Reputation: 477
I have the following script:
df = pd.DataFrame()
df["Stake"]=[0.25,0.15,0.26,0.30,0.10,0.40,0.32,0.11,0.20,0.25]
df["Odds"]=[2.5,4.0,1.75,2.2,1.85,3.2,1.5,1.2,2.15,1.65]
df["Ftr"]=["H","D","A","H","H","A","D","H","H","A"]
df["Ind"]=[1,2,2,1,3,3,3,1,2,2]
which results in:
Stake Odds Ftr Ind
0 0.25 2.50 H 1
1 0.15 4.00 D 2
2 0.26 1.75 A 2
3 0.30 2.20 H 1
4 0.10 1.85 H 3
5 0.40 3.20 A 3
6 0.32 1.50 D 3
7 0.11 1.20 H 1
8 0.20 2.15 H 2
9 0.25 1.65 A 2
I want to create two additional columns "Start Balance" and "End Balance"."Start Balance" in index 0 is equal to 1000. "End balance" is always equal to either:
"Start Balance" - "Stake" * "Start Balance" + "Stake" x "Start Balance" x "Odds" if column "Ftr" = "H".
or,
"Start Balance" - "Stake" * "Start Balance" if column "Ftr" different than "H".
Then the next index "Start balance" becomes the preceding index "End Balance". For example "End Balance" in index 0 becomes "Start Balance" in index 1.

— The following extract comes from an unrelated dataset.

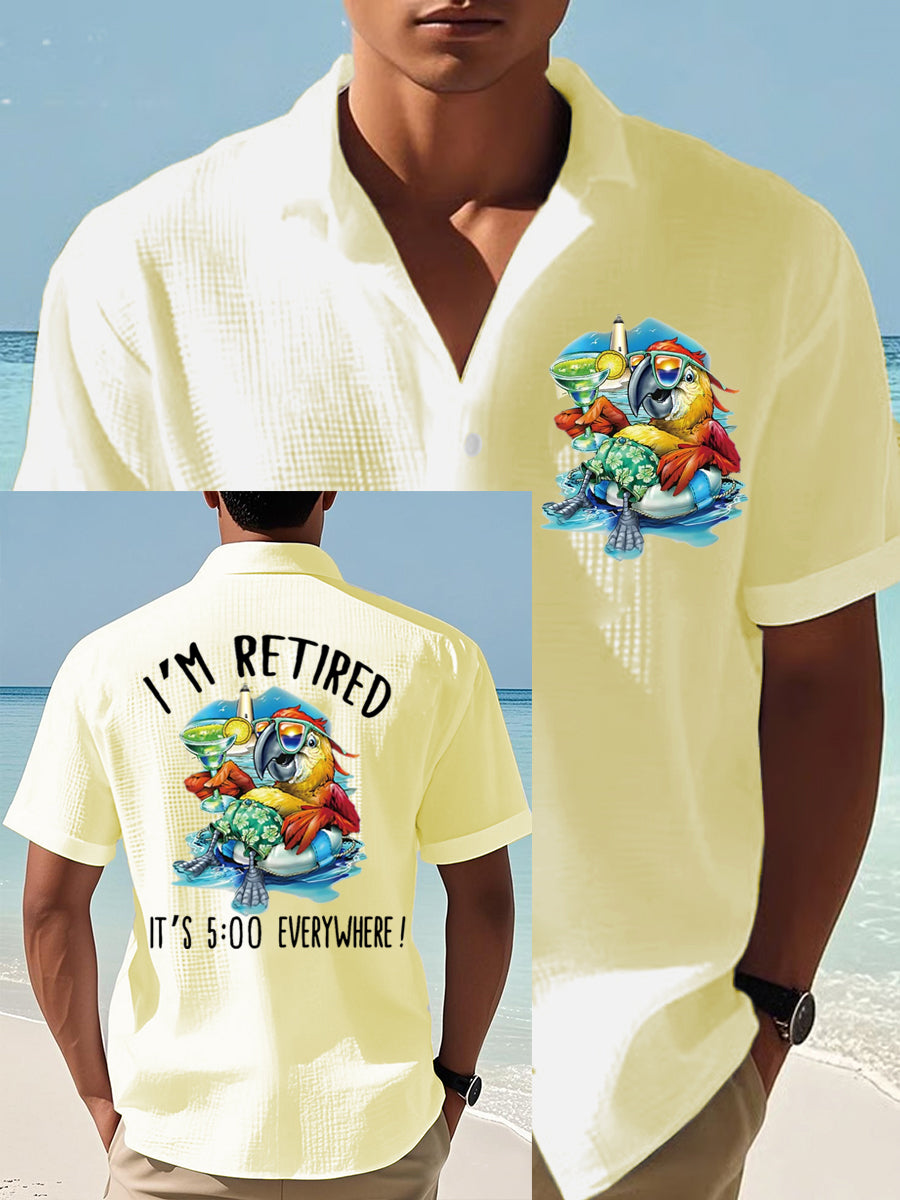 Men's I'm Retired It's 5 O'clock Everywhere Parrot Print Casual Waffle Short-Sleeve Shirt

To make things a bit more complicated the "Start Balance" should respect one more condition. If "Ind" column is different than 1 , for example 2 then the "Start Balance" for both rows (indices 1 and 2) is equal to the "End Balance" in index 0. Likewise where "Ind" is 3 then all indices (4,5,6) should have "Start Balance" equal to the "End balance" in index 3. Expected result is:
Stake Odds Ftr Ind Start Balance End Balance
0 0.25 2.5 H 1 1000.0 1375.0
1 0.15 4 D 2 1375.0 1168.8
2 0.26 1.75 A 2 1375.0 1017.5
3 0.3 2.2 H 1 1017.5 1383.8
4 0.1 1.85 H 3 1383.8 1501.4
5 0.4 3.2 A 3 1383.8 830.3
6 0.32 1.5 D 3 1383.8 941.0
7 0.11 1.2 H 1 941.0 961.7
8 0.2 2.15 H 2 961.7 1182.9
9 0.25 1.65 A 2 961.7 721.3
I have not tried anything since I truly don't know how to approach so many conditions :). Cheers
Upvotes: 1
Views: 51
Reputation: 93161
I can't think of a vectorized function to do what you want so a for
loop is the only solution I can think of:
# A temp dataframe to keep track of the End Balance by Ind
# It's empty to start
tmp = pd.DataFrame(columns=['index', 'End Balance']).rename_axis('ind')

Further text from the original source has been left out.